Sequence, structure and pathology of the fully annotated terminal 2 Mb of the short arm of human chromosome 16

Abstract
We have sequenced 1949 kb from the terminal Giemsa light band of human chromosome 16p, enabling us to fully annotate the region extending from the telomeric repeats to the previously published tuberous sclerosis disease 2 (TSC2) and polycystic kidney disease 1 (PKD1) genes. This region can be subdivided into two GC-rich, Alu-rich domains and one GC-rich, Alu-poor domain. The entire region is extremely gene rich, containing 100 confirmed genes and 20 predicted genes. Many of the genes encode widely expressed proteins orchestrating basic cellular processes (e.g.
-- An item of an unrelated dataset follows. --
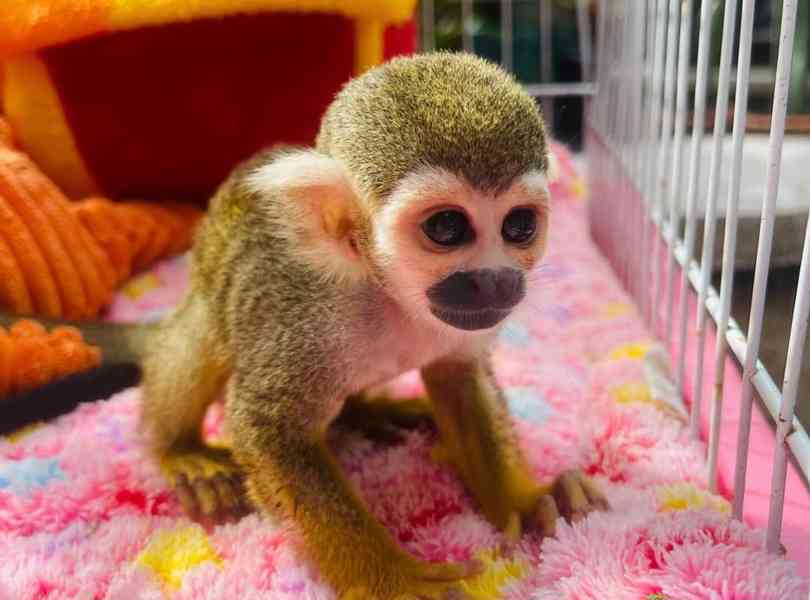 Roztomilé veverčí opice k adopci zdarma - foto 1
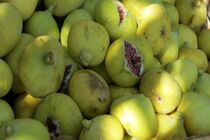 دهمین جشنواره شکرانه انجیر در گلوگاه برگزار می‌شود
DNA recombination, repair, transcription, RNA processing, signal transduction, intracellular signalling and mRNA translation). Others, such as the α globin genes (HBA1 and HBA2), PDIP and BAIAP3, are specialized tissue-restricted genes. Some of the genes have been previously implicated in the pathophysiology of important human genetic diseases (e.g. asthma, cataracts and the ATR-16 syndrome). Others are known disease genes for α thalassaemia, adult polycystic kidney disease and tuberous sclerosis. There is also linkage evidence for bipolar affective disorder, epilepsy and autism in this region. Sixty-three chromosomal deletions reported here and elsewhere allow us to interpret the results of removing progressively larger numbers of genes from this well defined human telomeric region.